The UC retirement fund is a relatively small fraction of the total market, and when UC RSP sold stocks of fossil fuel companies, somebody else bought that stock. Nevertheless, it does raise the question: Will divesting from fossil fuel companies accelerate the path to decarbonization of the economy? Where will the technology that will change our lives come from? Will it come from an entirely different sector, or could it also come from leading companies in this sector?

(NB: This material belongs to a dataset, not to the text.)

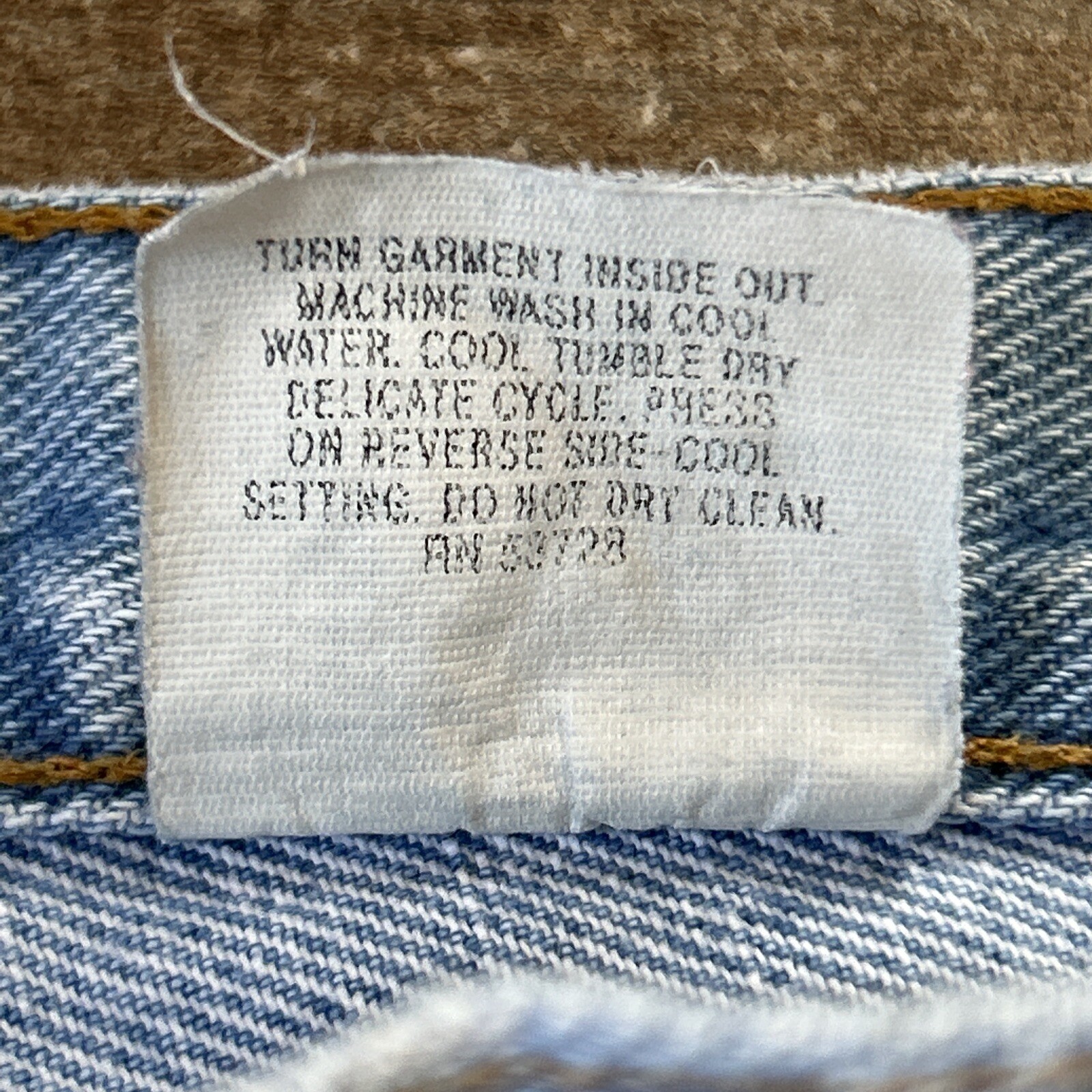 Vintage JOU JOU 90s BLUE JEANS DENIM SHORTS HI-WAIST CUTE!! Mom￼ Jean 11/12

Outright divesting should be contrasted to an alternative approach, let’s call it selective divesting. Consider the fossil fuel sector as a whole. Within the sector, there are leading companies that are innovating, investing in new technologies, and there are lagging companies that are falling behind and continuing their dirty practices. Divesting from all of them is one possibility. An alternative would be to divest only from the laggards and reallocate this capital to the leaders. This approach of selective divesting and tilting may be desirable for an ESG-motivated investor because (a) it would reward companies that invest in transformative technologies and (b) it would penalize companies that do not adopt. This approach effectively blends divestment with engagement. The bottom line: Is indiscriminate divestment from fossil fuel the best way to accelerate progress or is the alternative approach of selective divesting and rewarding change a more effective approach to realizing our sustainability goals?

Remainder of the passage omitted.